A stay of proceedings is the most drastic remedy a
criminal court can order (R. v. Regan, 2002 SCC 12 (CanLII), [2002] 1 S.C.R. 297,
at para. 53). It permanently halts the
prosecution of an accused. In doing so,
the truth-seeking function of the trial is frustrated and the public is
deprived of the opportunity to see justice done on the merits. In many cases, alleged victims of crime are
deprived of their day in court. In some
sense, an accused who is granted a stay under the residual category realizes a
windfall.
Nonetheless, there are rare occasions —the “clearest
of cases” — when a stay of proceedings for an abuse of process will be
warranted (R. v. O’Connor, 1995 CanLII 51 (SCC), [1995] 4 S.C.R. 411, at para.
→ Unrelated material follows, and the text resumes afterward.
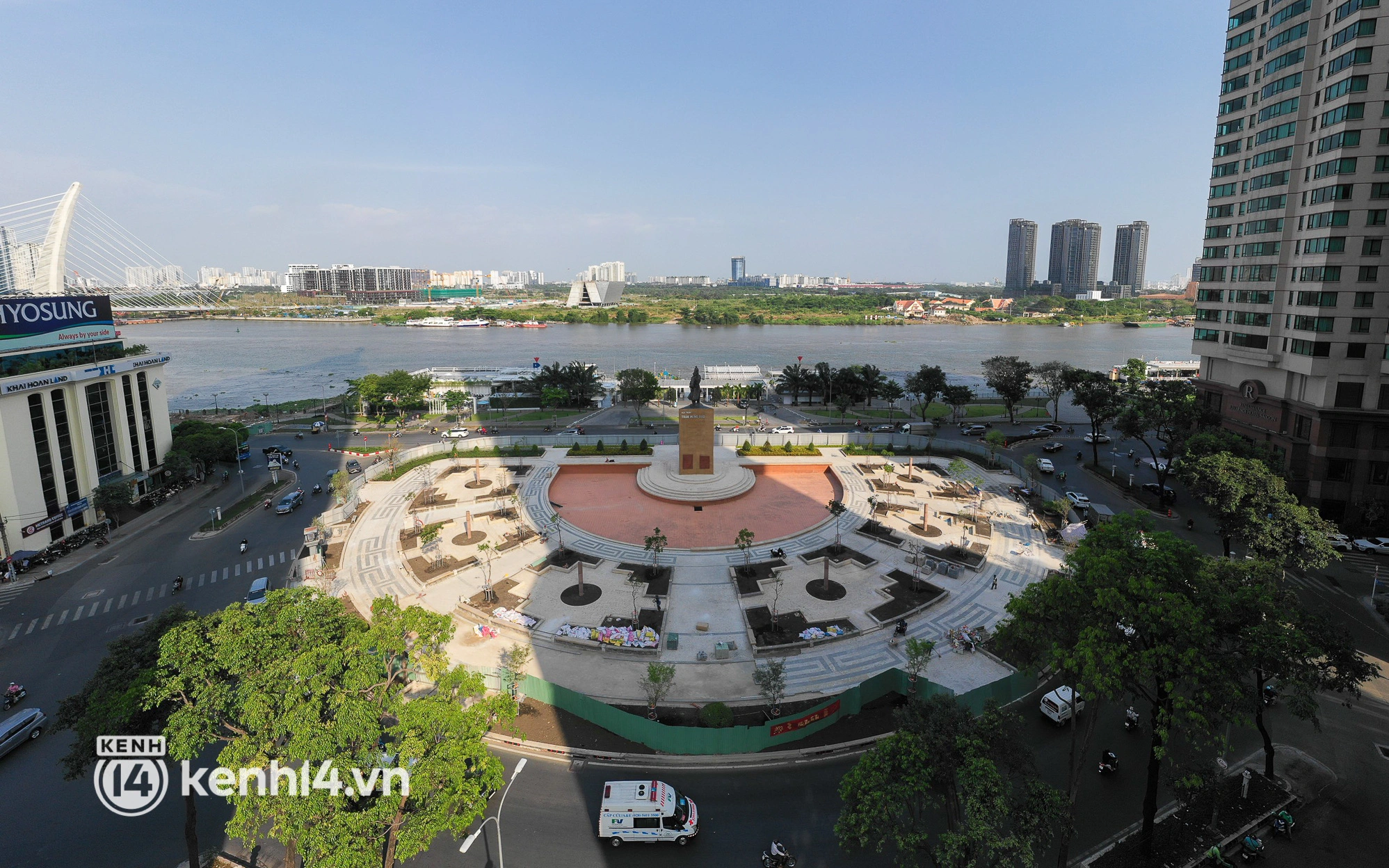 Ảnh: Khu tượng đài Trần Hưng Đạo được khoác “áo” mới hiện đại bên sông Sài Gòn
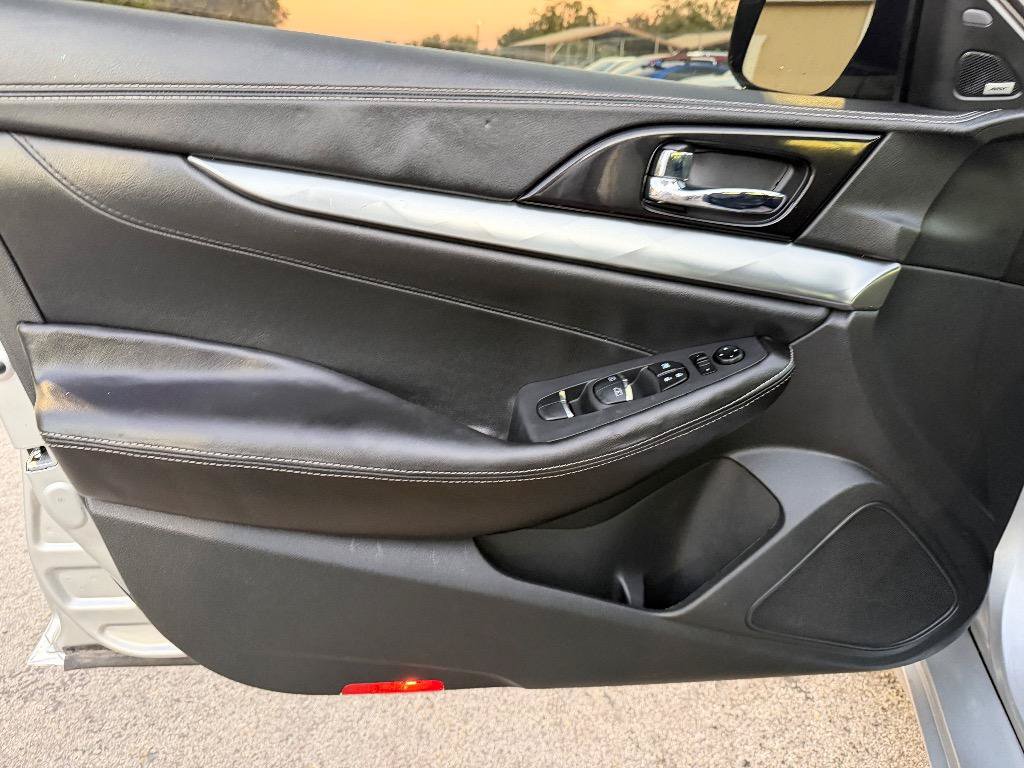 Used 2019 Nissan Maxima 3.5 SV w/ Floor Mat Group FWD image 11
68). These cases generally fall into two
categories:
(1) where state conduct compromises the fairness of
an accused’s trial (the “main” category); and
(2) where state conduct creates no threat to trial
fairness but undermining the integrity of the judicial process (the “residual” category).
O’Connor,
at para. 73; R. v. Babos,
2014 SCC 16, [2014] 1 S.C.R. 309, at para. 30,31.
Reserved
for the clearest of cases
As the authorities repeatedly emphasize in connection
with both the main and residual categories of abuse of process, stays of
proceedings are rare, reserved for the “clearest of cases”. In the residual
category, stays are “exceptional” and “very rare”: Tobiass, at para. 91; Babos, at para. 44; See
also R. v. Conway,
[1989] 1 S.C.R. 1659, at p. 1667
Indeed, in the residual category, cases warranting a
stay of proceedings will be “exceptional” and “very rare” (Tobiass, at para.
91). But this is as it should be. It is only where the “affront to fair play
and decency is disproportionate to the societal interest in the effective
prosecution of criminal cases” that a stay of proceedings will be warranted (R. v. Conway, 1989 CanLII 66 (SCC), [1989]
1 S.C.R. 1659, at p. 1667); Babos,
at para. 44
A
Prospective remedy
A stay of proceedings is a prospective remedy. It
does not redress a wrong that has already been done. Rather, the stay aims to
prevent the perpetuation of a wrong that, if left alone, will continue to
trouble the parties and the community in the future. Just because the state has
treated a person shabbily in the past does not, without more, entitle
that person to a stay of proceedings. The evidence must also make it appear
that the state misconduct is likely to continue in the future, or that carrying
forward with a prosecution will offend society’s sense of justice.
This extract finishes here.